CWA took subsequent steps that led to the Commission's issuance of a written decision approving DEP's modified AWP and denying a stay of its implementation pending appeal to this court.
On this appeal, the CWA presents these arguments:
I. AN ADMINISTRATIVE AGENCY MAY NOT DISREGARD ITS OWN DULY-ENACTED REGULATIONS.
II. THE COMMISSION CANNOT BE PERMITTED TO IGNORE ITS OWN REGULATORY STANDARDS.
III. THE COMMISSION CANNOT BE PERMITTED TO IGNORE FACTS AND ARGUMENTS PRESENTED BY AN INTERESTED PARTY.
IV. NEITHER THE ASSISTANT DIRECTOR OF CLASSIFICATION AND COMPENSATION NOR THE COMMISSION CHAIRPERSON HAD THE AUTHORITY TO APPROVE MODIFICATIONS TO AWPS.
"[A] strong presumption of reasonableness" is afforded to administrative decisions. In re Carroll, 339 N.J. Super. 429, 437 (App. Div.) (internal quotation marks omitted), certif. denied, 170 N.J. 85 (2001). Accordingly, an appellate court's review of an administrative agency's action is limited and deferential.
[It] is restricted to four inquiries: (1) whether the agency's decision offends the State or Federal Constitution; (2) whether the agency's action violates express or implied legislative policies; (3) whether the record contains substantial evidence to support the findings on which the agency based its action; and (4) whether in applying the legislative policies to the facts, the agency clearly erred in reaching a conclusion that could not reasonably have been made on a showing of the relevant factors.
[George Harms Constr. Co. v. N.J. Tpk. Auth., 137 N.J. 8, 27 (1994) (citing Campbell v. Dep't of Civil Serv., 39 N.J. 556, 562 (1963); In re Larsen, 17 N.J. Super. 564, 570 (App. Div. 1952)).]
After considering the arguments presented in Points I through III in light of the deference due the Commission, we conclude that they lack sufficient merit to warrant discussion beyond that provided by the Commission in its decision of April 6, 2011. R. 2:11-3e(1)(E). The Commission was satisfied that DEP's explanation of its need for modification of the AWP to serve the public better and address decreasing staffing levels was adequate and that DEP had provided sufficient detail about core time, procedures and effective date to meet its obligation under N.J.A.C. 4A:6-2.6(d). The Commission further explained:
[A]lthough the former AWP had been implemented for many years, it must be reiterated that AWPs are discretionary. Modification of an AWP does not take away an employee's entitlement. Moreover, the employees were provided with the intended modifications by e-mail on December 2, 2010 and have been provided with well more than two weeks' notice. Thus, there is no danger of immediate or irreparable harm in the approval of the modified AWP by the Chair/CEO. The employees have had ample notice of the revisions to the AWP and may adjust their lives accordingly. The Commission notes that State workers are afforded generous leave time and may request a leave of absence without pay to attend to personal issues or participate in DEP's Voluntary Furlough Program. See N.J.A.C. 4A:6-1.1 et seq. and N.J.A.C. 4A:6-1.23. It is in the public interest to approve this AWP modification . . . . DEP submits that it would be able to better serve the public if there is an optimum staffing level. DEP is in the best position to ascertain the needs of its customers, who may be adversely affected should further issues arise in staffing.

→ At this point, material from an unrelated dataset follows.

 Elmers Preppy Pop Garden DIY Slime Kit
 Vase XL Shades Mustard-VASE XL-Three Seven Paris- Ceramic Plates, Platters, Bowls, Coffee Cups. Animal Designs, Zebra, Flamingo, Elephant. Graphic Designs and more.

Substantially for the reasons set forth by the Commission, we affirm. There is no reason to address the CWA's objections to the role played by the Chairperson in this case, because the Commission has rendered a decision approving DEP's modified AWP, as the CWA contends it should. It is worth noting that N.J.A.C. 4A:1-3.3(a)(2) provides that the Commission will "[r]ender final administrative decisions on appeals and other matters referred by the Chairperson."